House Transportation and Infrastructure Committee Chairman John Mica defended his six-year transportation plan from accusations that the bill wouldn’t maintain current funding levels as he claimed.
“My floor is the current level … and I’m hoping we can find even more money and increase on a cost-of-living or some other incremental basis the funding for a six-year authorization,” said the Florida Republican.
Sen. Barbara Boxer, who is proposing a competing two-year plan, challenged the feasibility of Mica’s plan last week, saying his $286 billion bill represents a 16 percent cut to the current spending level.
Mica said his $286 billion plan would allow for long-term planning and funding of transportation projects, unlike Boxer’s $109 billion plan. Backers of both plans are searching for revenue to augment what is expected to come through the Highway Trust Fund.
“We need a long-term bill,” Mica told Progressive Railroading’s RailTrends conference in New York. “We need a six-year bill … I’m committed to finding the money.”

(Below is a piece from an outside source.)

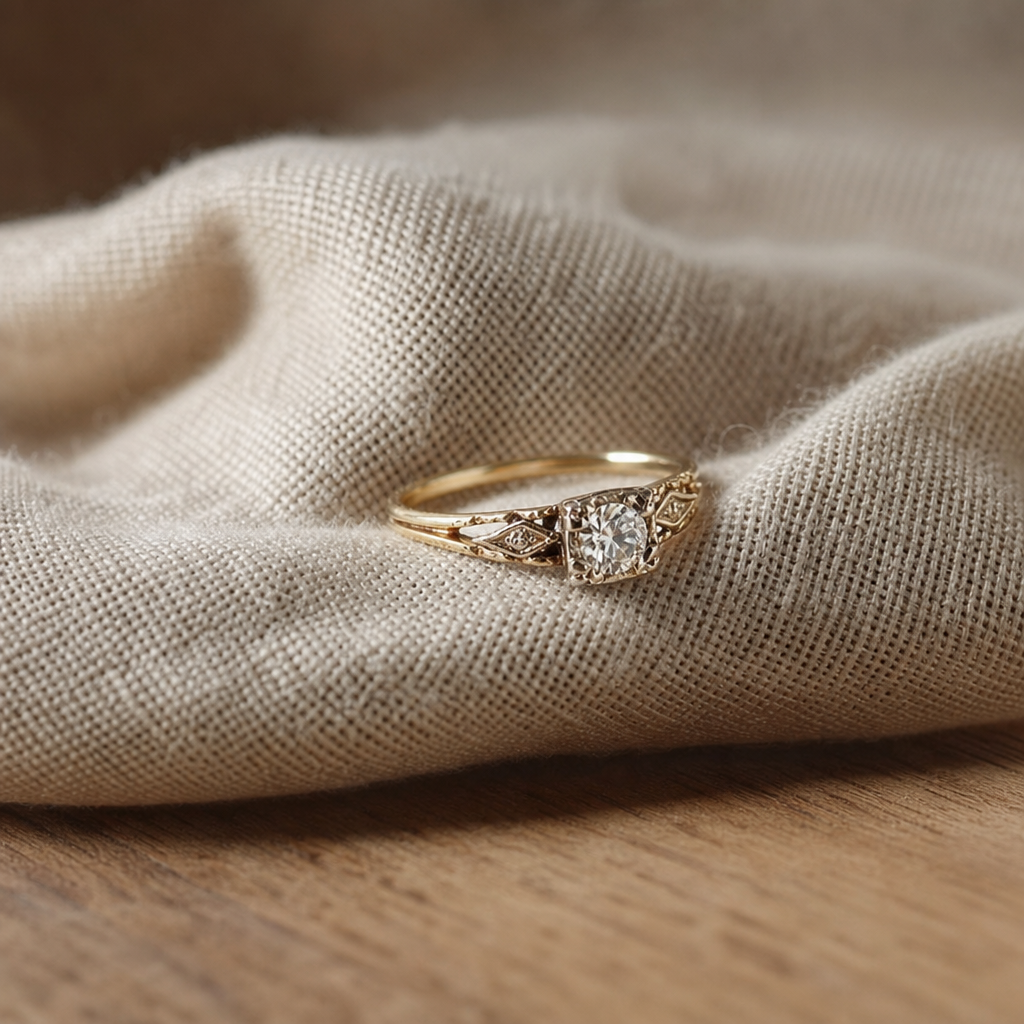 Graceful Zirconia Fine Gold Ring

The current surface transportation spending program is operating under the latest in a series of short-term extensions. Mica said that makes it impossible to plan long-term projects such as a long-delayed New York subway line he toured Tuesday with Rep. Carolyn Maloney, D-N.Y
Mica also said ways must be found to speed the approval of major projects.
“Shovel-ready has become a national joke,” he said. “It takes six to eight years just to get the approval, to go through the red tape, the paperwork … That nonsense has to stop. The president freed up 14 projects a couple of weeks ago. Fourteen projects? We’ve got 14,000 projects tied up in red tape and paperwork.”